“There’s nothing to be ashamed of, everyone needs a little bit of help sometimes.” These were the words I said to a quiet and withdrawn 14-year-old girl sitting in my office, when sitting in people’s offices was still allowed.
She had come in with her father to collect a food bank voucher. By this point she had already been out of school for a week. Daughter to a single dad who suffers from multiple disabilities, both mental and physical, I asked her how she was going to keep in touch with her friends and keep up with her schoolwork. I said, with all my privileged assumption, “I guess you can chat on the phone and on WhatsApp?” She shuffled uncomfortably looking at her feet not wanting to embarrass me. She didn’t have a phone.
Her dad assured me she could do schoolwork online on a laptop provided by the school, and he could make a hotspot on his phone to get internet access. It costs more to be poor, and in a time of isolation lots of those costs will increase. “She wants to be a doctor,” her dad told me proudly, raising the first smile on this quiet child’s face.

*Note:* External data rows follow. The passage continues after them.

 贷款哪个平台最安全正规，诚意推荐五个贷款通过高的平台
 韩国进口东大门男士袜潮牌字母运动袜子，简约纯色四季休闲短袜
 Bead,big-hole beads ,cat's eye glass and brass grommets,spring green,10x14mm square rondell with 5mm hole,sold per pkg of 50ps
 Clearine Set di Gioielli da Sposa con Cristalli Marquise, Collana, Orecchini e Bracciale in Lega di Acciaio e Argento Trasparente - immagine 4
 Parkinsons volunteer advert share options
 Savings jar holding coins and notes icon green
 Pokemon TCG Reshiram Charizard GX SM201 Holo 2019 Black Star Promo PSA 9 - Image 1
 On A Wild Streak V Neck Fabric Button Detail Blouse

I could tell a hundred stories each week similar to this one. Every week, families, the disabled, the elderly, the recovering and the quietly embarrassed come to my office to get a voucher in order just to feed themselves. Food banks have, for some time now, become not a last resort for the absolute down and out but a practically integral part of our social security system. When the state turned its back, charities refused to let people go without.
In this time of crisis everyone in the country has suddenly found out exactly what people reliant on welfare have been expected to live on. Just £94 a week statutory sick pay, or £72 universal credit, is now gasped at by the nation.

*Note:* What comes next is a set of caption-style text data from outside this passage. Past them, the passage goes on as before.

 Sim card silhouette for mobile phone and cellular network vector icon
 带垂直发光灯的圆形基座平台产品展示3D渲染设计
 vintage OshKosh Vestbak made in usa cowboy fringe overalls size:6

People are good and they want to help and, now more than ever, our network of food banks and baby banks is going to need it
People who have never needed food banks before now call my office and ask if I know where they could get a food parcel delivered. Distraught adult children send emails from abroad about their elderly parents who live in my area; they need someone to go over with some food. A jobbing plumber, laid off, swallows his pride on the phone and tells me he doesn’t think he has enough to get to the end of the month. It is now finally true that we are all in this together.
Thanks to those who always knew support was needed we have a framework to cope, but it still needs your support. That’s why The Independent is calling for its readers to do whatever they can to help keep Britain’s food banks stocked and running during this unique crisis in our communities.
I have always been grateful for the brilliant churches, mosques, community centres and groups in my area who saw a crisis long ago and rolled up their sleeves to get on with helping. Every single time I have done a call out to my constituents to donate food, or nappies, or sanitary towels and cleaning products, I have ended up with van loads of love and generosity.
That’s why I’m adding my voice today, too. People are good and they want to help and, now more than ever, our network of food banks and baby banks is going to need it.
Yes, the government has put in place various support measures. I will not look a gift horse in the mouth – I am relieved by so many of them – but when my constituents find themselves number 6,450 in the queue to speak to the benefits team, they panic. We are going to need the food banks to fill that gap as the gap that they used to fill grows into a widening valley.